| Supplied material |

*** Begin section ***

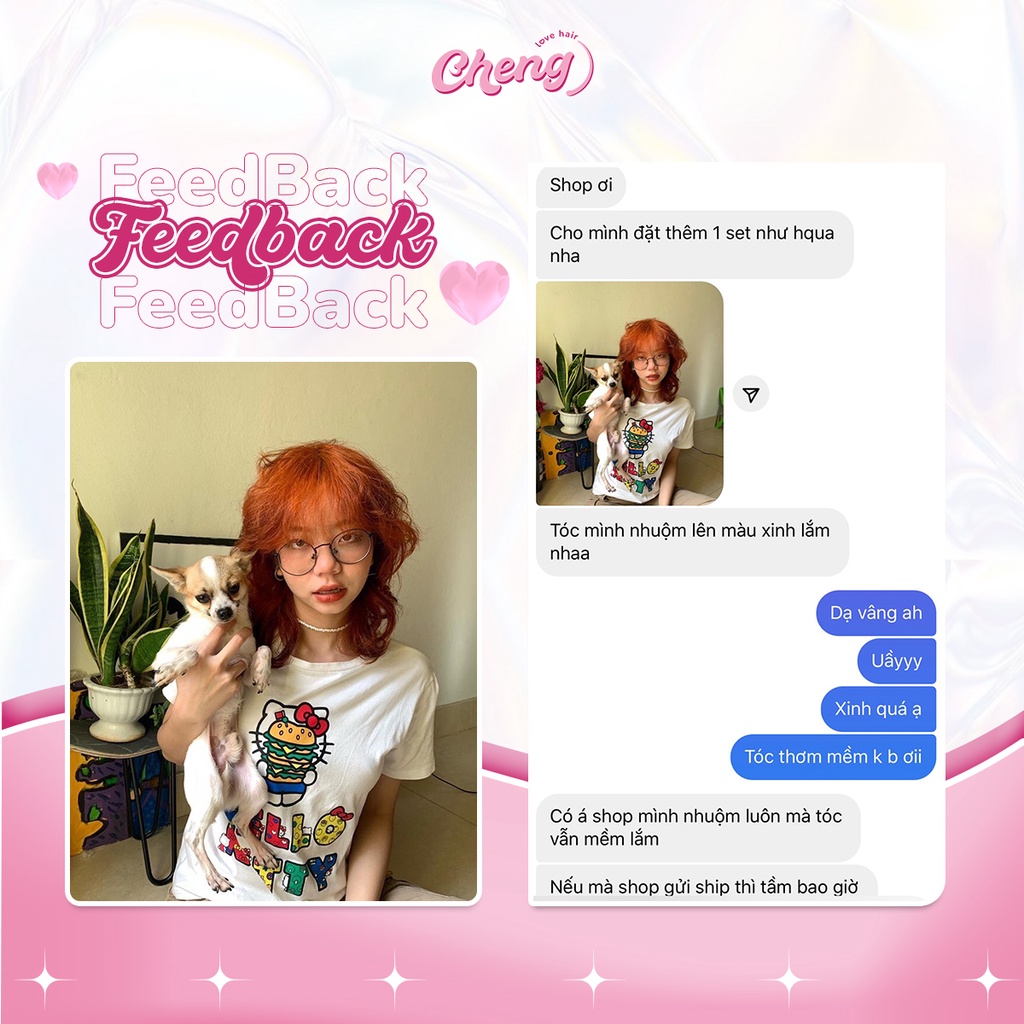 Thuốc Nhuộm Tóc Màu NÂU ĐỒNG ÁNH CAM Không Tẩy | Chenglovehair, Chenglovehairs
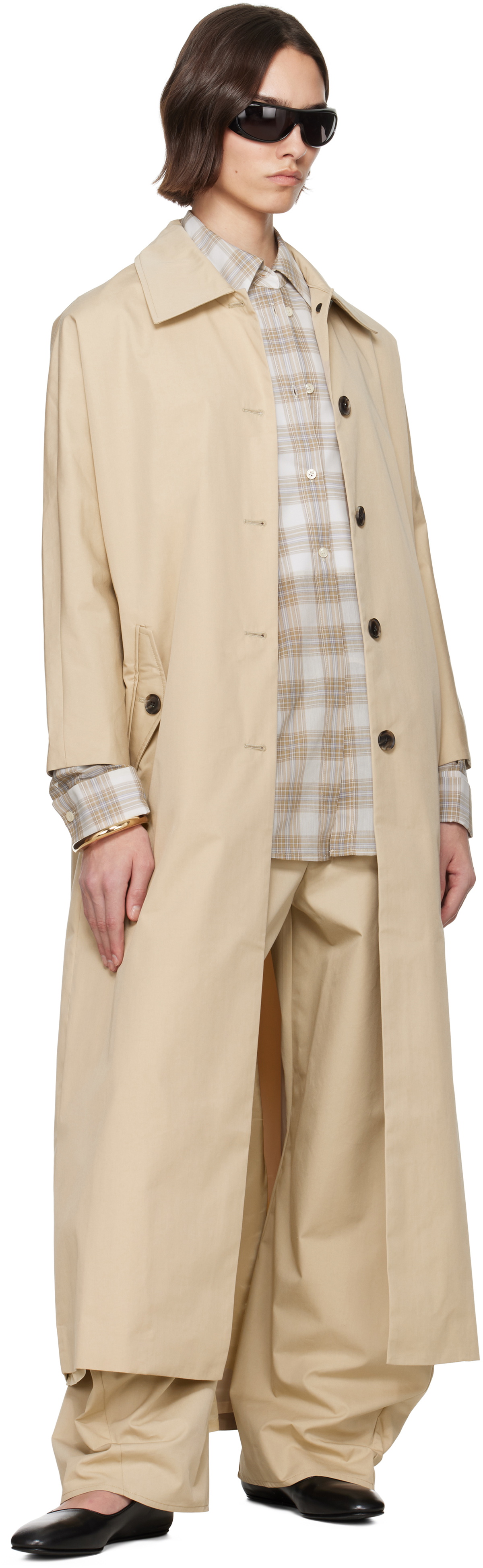 Kallmeyer Beige Tavi Dinner Trench Coat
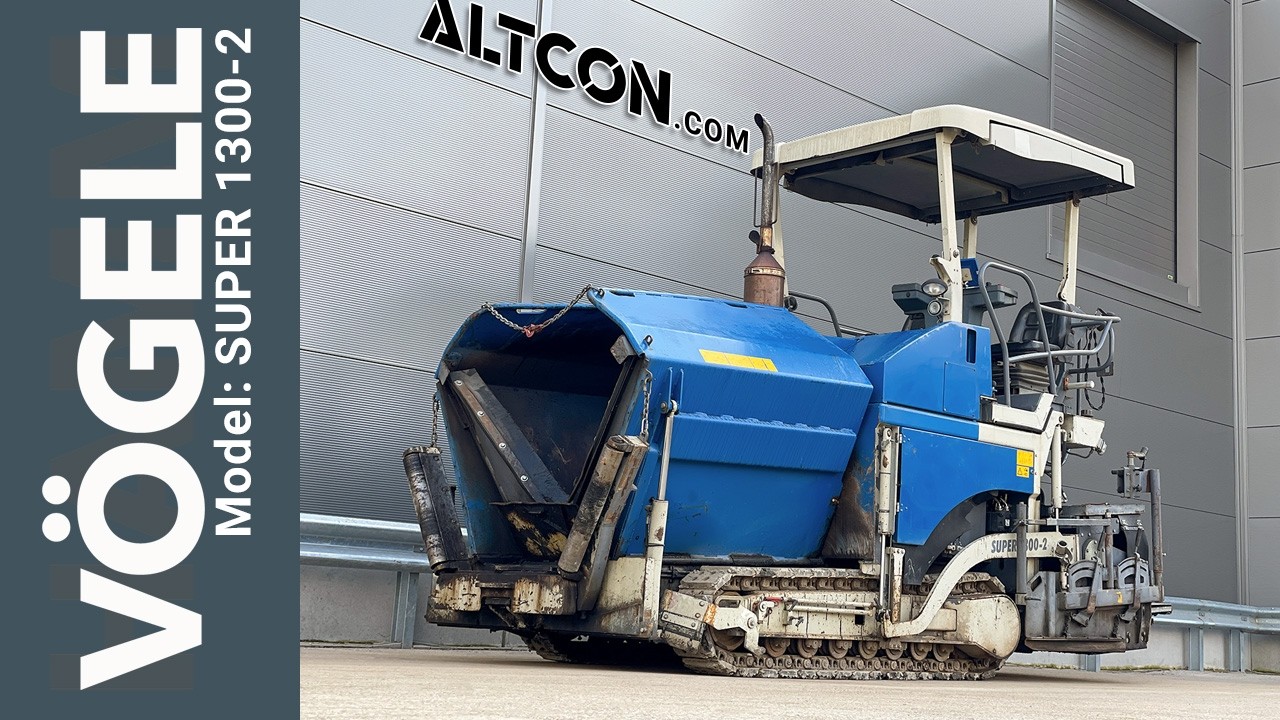 Used VÖGELE SUPER 1300-2 ASPHALT PAVER for Sale | 2011 | Worldwide shipping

*** End section ***

| Problem details |
Set down the data exactly as it appears, without any images.

| Response to this task |
 Thuốc Nhuộm Tóc Màu NÂU ĐỒNG ÁNH CAM Không Tẩy | Chenglovehair, Chenglovehairs
 Kallmeyer Beige Tavi Dinner Trench Coat
 Used VÖGELE SUPER 1300-2 ASPHALT PAVER for Sale | 2011 | Worldwide shipping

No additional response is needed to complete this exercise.